At a glance.
- Contact tracing systems and privacy.
- Influence operations shift tactics.
- Australia's government warns of an active state-directed cyber campaign directed at its agencies, universities, and businesses.
Contact-tracing apps continue to face privacy concerns.
The UK is the latest country to abandon a centralized approach to contact-tracing. The BBC reports that the government has decided to abandon its centralized NHSX-developed system in favor of adopting the decentralized Apple-Google contact-notification model. The Telegraph characterizes the attempt to develop a centralized tracer as a "fiasco," accomplishing nothing beyond losing months before coming around to an alternative system the government might have had at the outset.
Canada's contact-tracing app is due to be rolled out in beta on July 2. Global News writes that outside experts have given the app good reviews, but that Canada's federal privacy commissioner has yet to complete its own review.
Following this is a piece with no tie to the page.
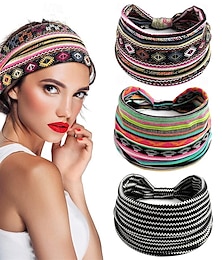 billiga -3 st breda boho-pannband för kvinnor och tjejer, elastisk turban-huvudinpackning halkfria hårband för sportyoga och löparpannband 3-pack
Influence operations shift from "platform manipulation" to "overt state assets."
In a House Intelligence Committee virtual hearing yesterday, the Hill says that testimony from both Twitter and Facebook reported that state-run disinformation efforts haven't abated, but have instead exhibited a change in tactics. Because the platforms have become more vigilant for, and effective against, coordinated inauthenticity, intelligence services are making greater use of "overt state assets," that is, media outlets controlled by, and generally understood to be controlled by, their governments.
Australia doesn't say they've done so, but in effect they've fired a shot across China's bow.
Australia’s Prime Minister Morrison has said that Australia is under massive and sustained cyberattack. “We know it is a sophisticated state-based cyber actor because of the scale and nature of the targeting and the tradecraft used,” the Wall Street Journal quotes the Prime Minister as saying. He added that all levels of government and most economic sectors are among the targets.
The actor may be sophisticated, but most observers aren’t moving from that to a conclusion that the attacks themselves are advanced or complicated. (The Guardian’s discussion is representative.) To judge from yesterday’s Australian Signals Directorate advisory, the attacks for the most part hit known vulnerabilities with “copy-and-paste” open-source, proof-of-concept exploit code used against public-facing sections of the infrastructure. For the most part the state-based cyber actors are going after a remote code execution vulnerability in unpatched versions of Telerik UI. In other cases they’re chasing a deserialisation vulnerability in Microsoft Internet Information Services (IIS), a 2019 SharePoint vulnerability, or a 2019 Citrix vulnerability.
When that approach fails, the attackers resort to familiar spearphishing. “This spearphishing has,” the ASD warned, “taken the form of:
- “links to credential harvesting websites
- “emails with links to malicious files, or with the malicious file directly attached
- “links prompting users to grant Office 365 OAuth tokens to the actor
- “use of email tracking services to identify the email opening and lure click-through events.”
The state-based actor has shown some talent for conducting reconnaissance of target networks to identify vulnerable services, and ASD thinks the actor may be assembling and maintaining a list of public-facing services so it can hit them quickly after new vulnerabilities are released and before the targets get around to patching them. They’re also pretty good at identifying development, test and orphaned services that tend to be overlooked or even forgotten by the organizations that own them. These activities do argue for a good degree of intelligence and sound management. If we understand “sophisticated” to refer to a solid understanding of how to service targets as opposed to the more usual connotation of exotically crafted, never before seen malware, then perhaps the Prime Minister has a point: in that sense, the state-based group can indeed be called “sophisticated.”
So, OK, we keep saying “state-based group” because that’s what Mr. Morrison calls them. But straight-up, friends, we’re obviously talking about China. The Prime Minister has refused to be drawn on attribution, but he’s generally believed to be describing a Chinese government campaign. ZDNet quotes think-tank sources to the effect that this particular “frog has been boiling for years,” which raises the question of why the Prime Minister would choose this moment to issue his warning. Other sources, for the most part former officials, are telling the Australian Broadcasting Corporation that the campaign may represent payback for Australia’s hard line on Huawei.
So there seems to be a mutual dance of deniable accusation going on here. China hasn’t yet commented on Prime Minister Morrison’s press conference, but it’s denied involvement in recent high-profile attacks on Australian institutions, including Parliament. Those denials haven’t been widely believed. The Prime Minister may have two motivations in making his statement. First, he’s offering China a veiled warning. And second, he’s also interested in changing behavior in his own government agencies: keep your systems patched and well-administered.